What I wanted in this film was not just a ton of text messages. But I really wanted you as a person watching it to live inside the courtroom. Like you were sitting inside because Michelle Carter did not get a jury trial. She opted for a bench trial, which means a judge determined her fate. And so, I thought here was this incredible moment where the documentary could serve as a part of the jury that she never got. My whole creative process was I want you to feel like you receiving that text message or you being inside that conversation.
And sometimes we do it on black screens. Sometimes we do it through a slow-mo, beautiful nature footage. But I think it was really understanding that these were two people communicating in a vacuum. And that's what I wanted for you to understand that there's just so much loneliness and so much intensity to the text messages. It's hard to see those text messages. Because at a certain point, I think I was showing it to somebody and I was like, "Are there too many text messages? Is this painfully boring for you?" And they're like, "No, it is astonishing." I can't forget that the first time you see those, they're pretty crazy. And so I really wanted to keep them as a central character.
You spent years of your life working on telling the story of Michelle Carter and Conrad Roy. I'm curious if there's one thing you want people to take away from this documentary, I Love You, Now Die, what would that be?
There's basically this testimonial, these videos that you see in the film of him talking into camera, talking about struggling with anxiety, with mental health issues. It's just this, he's so handsome and he's so smart. And it's just this really amazing picture of him. Then when I was showing it to Lynn Roy, his mother that I was showing the film to her at HBO, she told me that those files were in the trashcan. He never uploaded them. They were never a part of something he could actually say out loud. It only existed in his head. So when you think about this film, yes, think about Michelle Carter.

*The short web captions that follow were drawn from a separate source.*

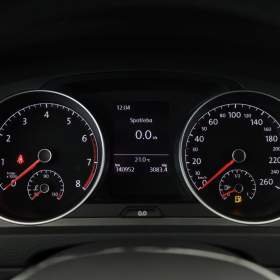 Foto inzerátu Volkswagen Golf 1.2 TSI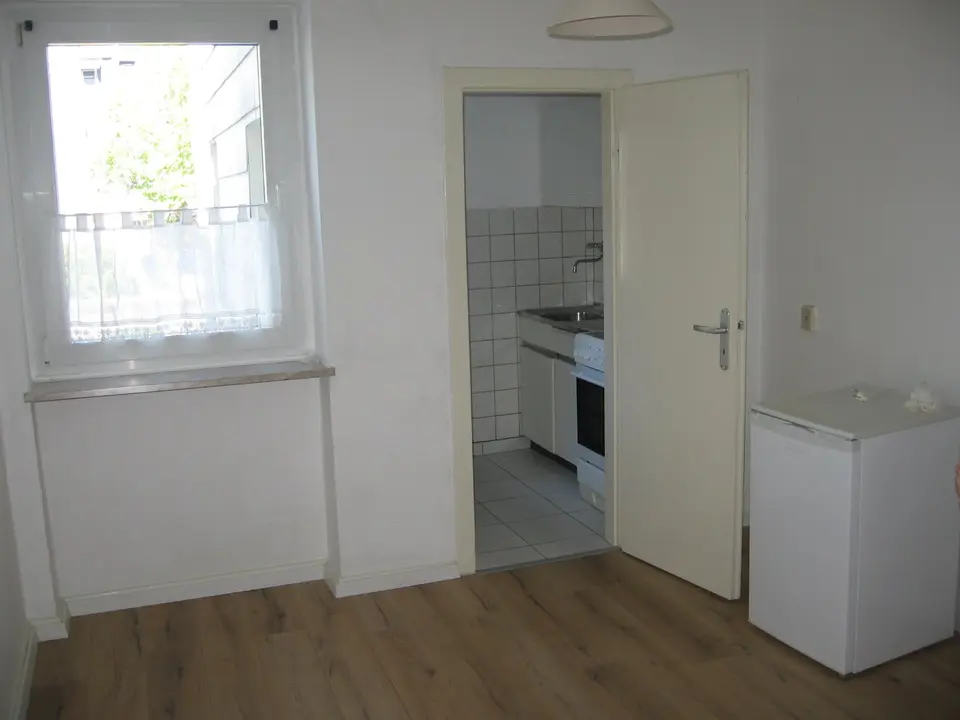 3 Zimmer Wohnung mit 45 m² in Dortmund – Bild 6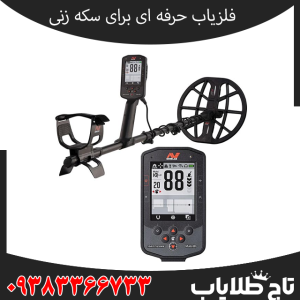 فلزیاب مانتیکور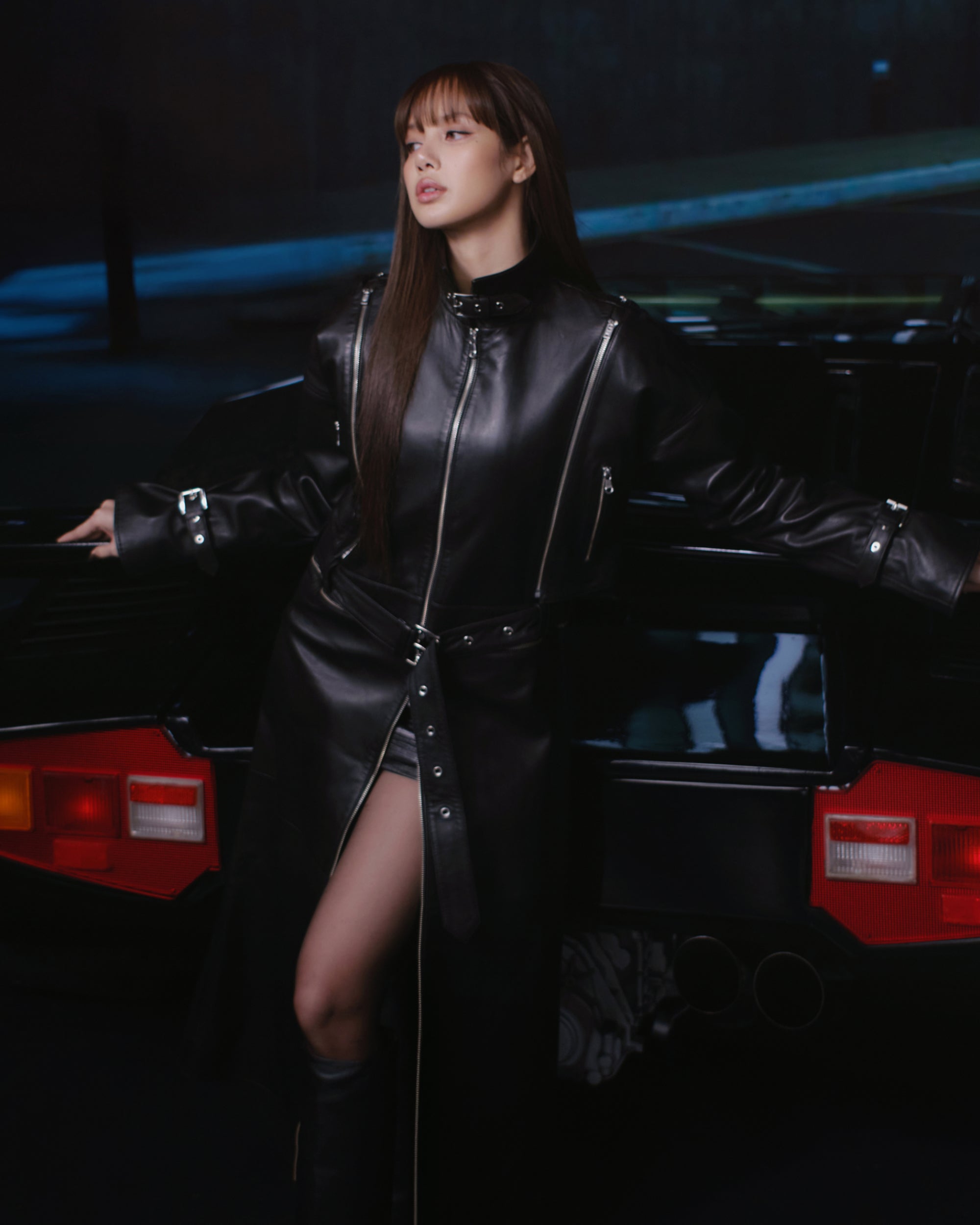 Kith Women Spring 2026: Designed by Lisa – Kith UK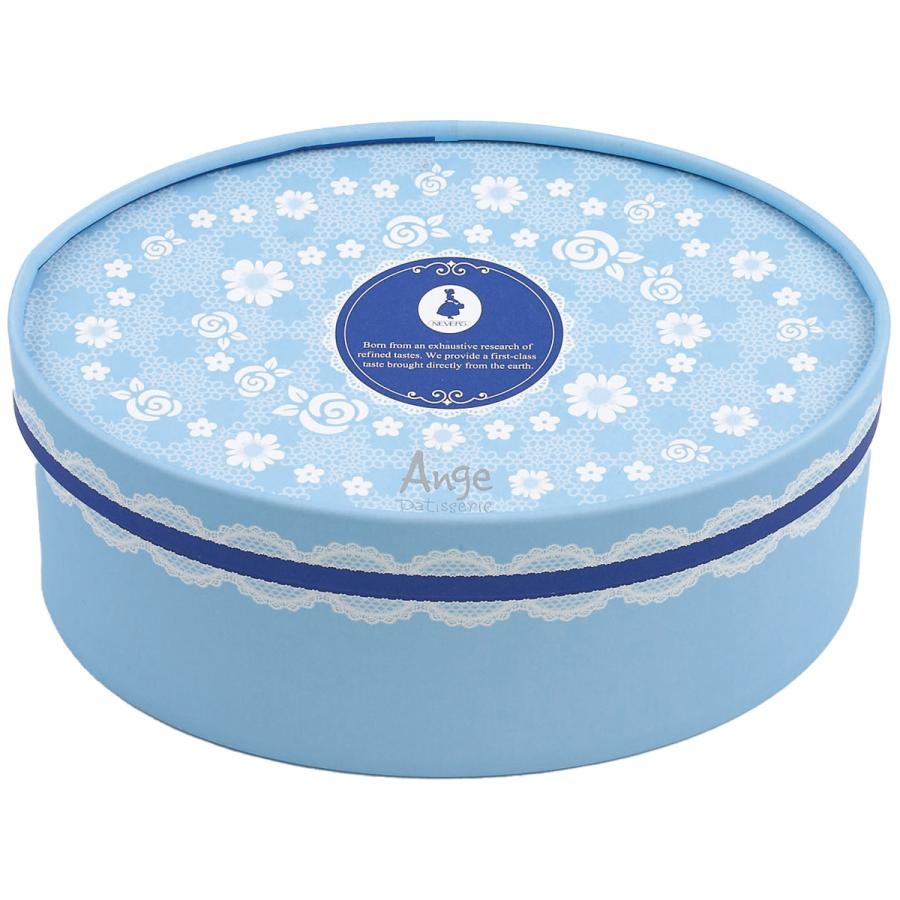 グルテンフリー スイーツ 5箱セット 青箱 6種8個入×5 焼菓子 詰め合わせ グルテンフリー スイーツ 5箱セット 青箱 6種8個入×5 焼菓子 : 産直お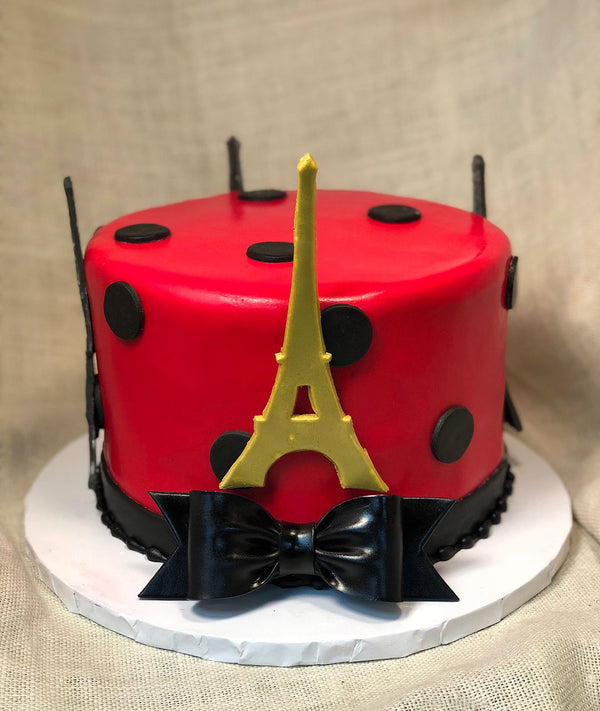 Fondant Paris
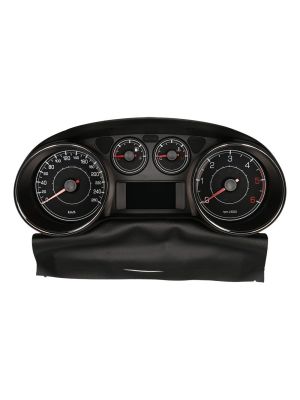 Contachilometri Fiat Bravo - 51848308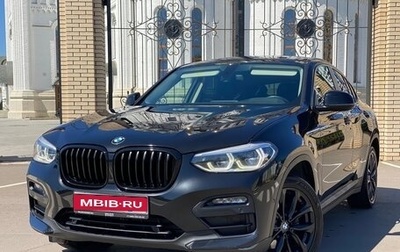 BMW X4, 2020 год, 4 290 000 рублей, 1 фотография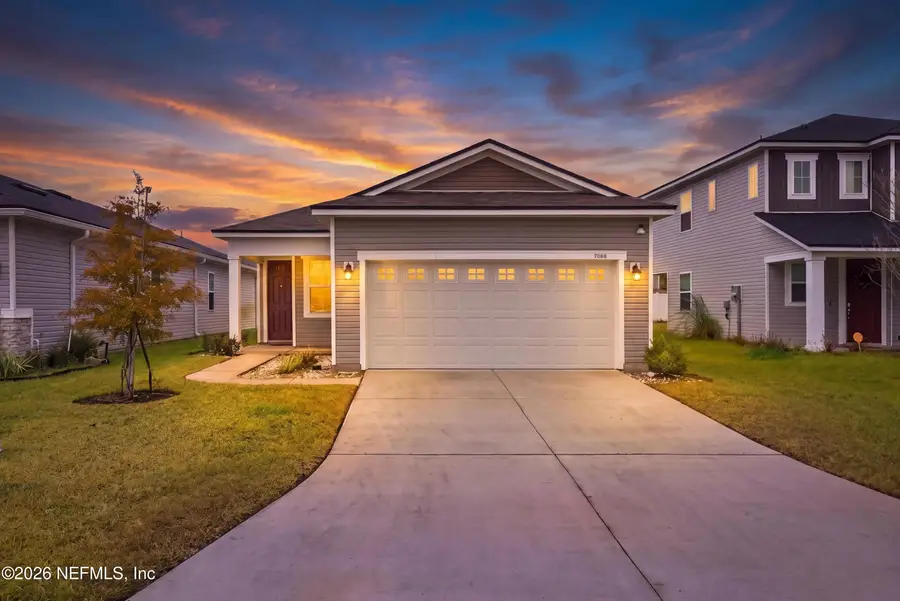 7088 Mahogany Run Drive, Jacksonville, FL 32244 - #2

Yes, think about free speech but think about people who are struggling to just say things out loud. And is there a way to communicate with the men in our life or the young people in our life about, yeah, mental health stuff is not a stigma. It's okay to have social anxiety. Almost everybody has it.
And so I think it's about reaching out to the people in our lives and understanding that suicide is a real thing that people think about. You think somebody's fine until it happens. And so for me, it was an education in that suicide is something that a lot of people think about. If we can just hold a couple of people back and say, "You won't feel like this forever", that is my real hope.